━━ Exercise input ━━

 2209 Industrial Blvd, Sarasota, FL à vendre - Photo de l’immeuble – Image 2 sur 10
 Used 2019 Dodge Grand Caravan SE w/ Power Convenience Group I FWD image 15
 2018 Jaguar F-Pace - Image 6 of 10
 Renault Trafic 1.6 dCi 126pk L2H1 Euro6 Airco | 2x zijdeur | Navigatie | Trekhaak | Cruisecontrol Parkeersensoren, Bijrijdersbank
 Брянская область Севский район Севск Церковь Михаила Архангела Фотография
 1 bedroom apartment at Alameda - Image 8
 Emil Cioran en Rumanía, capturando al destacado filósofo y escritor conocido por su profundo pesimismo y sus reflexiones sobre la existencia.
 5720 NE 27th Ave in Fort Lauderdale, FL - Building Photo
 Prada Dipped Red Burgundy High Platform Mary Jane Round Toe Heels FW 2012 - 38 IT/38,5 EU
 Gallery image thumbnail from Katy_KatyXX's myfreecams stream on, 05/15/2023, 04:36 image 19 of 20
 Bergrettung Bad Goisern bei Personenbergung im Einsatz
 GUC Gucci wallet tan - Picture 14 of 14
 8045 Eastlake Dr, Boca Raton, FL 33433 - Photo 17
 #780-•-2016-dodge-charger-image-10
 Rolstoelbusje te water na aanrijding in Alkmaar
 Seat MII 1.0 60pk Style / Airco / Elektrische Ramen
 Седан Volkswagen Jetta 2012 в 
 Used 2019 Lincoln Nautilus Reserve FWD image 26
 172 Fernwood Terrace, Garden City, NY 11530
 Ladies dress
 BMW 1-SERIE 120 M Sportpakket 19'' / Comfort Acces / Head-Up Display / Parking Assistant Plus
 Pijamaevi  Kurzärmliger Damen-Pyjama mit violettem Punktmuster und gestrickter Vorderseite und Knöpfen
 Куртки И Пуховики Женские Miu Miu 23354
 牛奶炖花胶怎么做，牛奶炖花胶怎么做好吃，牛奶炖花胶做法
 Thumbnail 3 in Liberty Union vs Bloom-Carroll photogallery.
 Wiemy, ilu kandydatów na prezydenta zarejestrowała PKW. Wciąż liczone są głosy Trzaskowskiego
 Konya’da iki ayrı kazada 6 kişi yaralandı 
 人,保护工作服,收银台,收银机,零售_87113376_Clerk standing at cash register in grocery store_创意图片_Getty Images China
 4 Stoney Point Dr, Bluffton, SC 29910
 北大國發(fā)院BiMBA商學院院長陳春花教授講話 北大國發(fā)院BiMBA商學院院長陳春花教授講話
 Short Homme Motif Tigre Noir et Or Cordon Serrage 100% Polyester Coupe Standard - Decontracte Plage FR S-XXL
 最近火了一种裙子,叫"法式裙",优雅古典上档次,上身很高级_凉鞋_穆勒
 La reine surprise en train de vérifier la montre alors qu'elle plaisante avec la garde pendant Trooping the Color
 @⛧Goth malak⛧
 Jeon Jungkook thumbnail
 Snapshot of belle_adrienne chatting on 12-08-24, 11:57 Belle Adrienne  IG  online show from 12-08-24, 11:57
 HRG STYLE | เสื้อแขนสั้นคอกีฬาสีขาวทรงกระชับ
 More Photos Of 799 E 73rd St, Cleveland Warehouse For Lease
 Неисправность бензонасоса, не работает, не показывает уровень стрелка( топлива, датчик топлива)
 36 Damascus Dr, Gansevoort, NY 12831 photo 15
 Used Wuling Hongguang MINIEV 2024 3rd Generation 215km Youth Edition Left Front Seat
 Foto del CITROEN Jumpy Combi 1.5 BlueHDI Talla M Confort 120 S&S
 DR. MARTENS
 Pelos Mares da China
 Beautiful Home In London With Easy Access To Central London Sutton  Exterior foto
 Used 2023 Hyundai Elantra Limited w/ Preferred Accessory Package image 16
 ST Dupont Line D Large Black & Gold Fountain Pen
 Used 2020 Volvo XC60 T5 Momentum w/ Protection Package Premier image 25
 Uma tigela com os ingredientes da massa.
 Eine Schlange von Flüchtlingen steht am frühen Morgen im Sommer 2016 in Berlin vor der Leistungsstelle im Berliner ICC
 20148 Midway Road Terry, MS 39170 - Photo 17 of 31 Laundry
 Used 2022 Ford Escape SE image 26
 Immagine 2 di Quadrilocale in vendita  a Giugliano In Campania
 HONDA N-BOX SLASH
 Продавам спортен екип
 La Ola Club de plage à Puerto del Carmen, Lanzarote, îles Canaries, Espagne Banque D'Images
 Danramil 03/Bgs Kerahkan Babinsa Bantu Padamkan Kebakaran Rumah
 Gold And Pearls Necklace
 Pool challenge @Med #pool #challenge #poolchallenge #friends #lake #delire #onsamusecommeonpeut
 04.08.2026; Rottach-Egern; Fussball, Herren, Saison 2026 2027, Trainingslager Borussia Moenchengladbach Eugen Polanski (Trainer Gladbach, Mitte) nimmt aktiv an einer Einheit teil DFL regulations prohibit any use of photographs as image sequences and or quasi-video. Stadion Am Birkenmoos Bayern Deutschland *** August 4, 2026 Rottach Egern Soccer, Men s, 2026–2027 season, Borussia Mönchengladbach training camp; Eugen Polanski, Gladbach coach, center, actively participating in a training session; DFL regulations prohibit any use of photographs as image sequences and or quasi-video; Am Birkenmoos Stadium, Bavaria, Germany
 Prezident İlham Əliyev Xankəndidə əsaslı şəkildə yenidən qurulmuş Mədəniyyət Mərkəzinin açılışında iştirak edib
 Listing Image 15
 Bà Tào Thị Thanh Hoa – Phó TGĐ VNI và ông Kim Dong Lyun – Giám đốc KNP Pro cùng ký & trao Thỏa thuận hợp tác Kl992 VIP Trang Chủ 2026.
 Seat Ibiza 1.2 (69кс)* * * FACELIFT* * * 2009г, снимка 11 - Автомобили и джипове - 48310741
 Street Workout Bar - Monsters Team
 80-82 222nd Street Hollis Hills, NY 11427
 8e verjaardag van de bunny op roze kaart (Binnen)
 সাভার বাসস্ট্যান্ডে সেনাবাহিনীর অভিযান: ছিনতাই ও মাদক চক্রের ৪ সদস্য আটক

━━━

Copy out every line in the listing where the word "China" appears.

 人,保护工作服,收银台,收银机,零售_87113376_Clerk standing at cash register in grocery store_创意图片_Getty Images China
 Pelos Mares da China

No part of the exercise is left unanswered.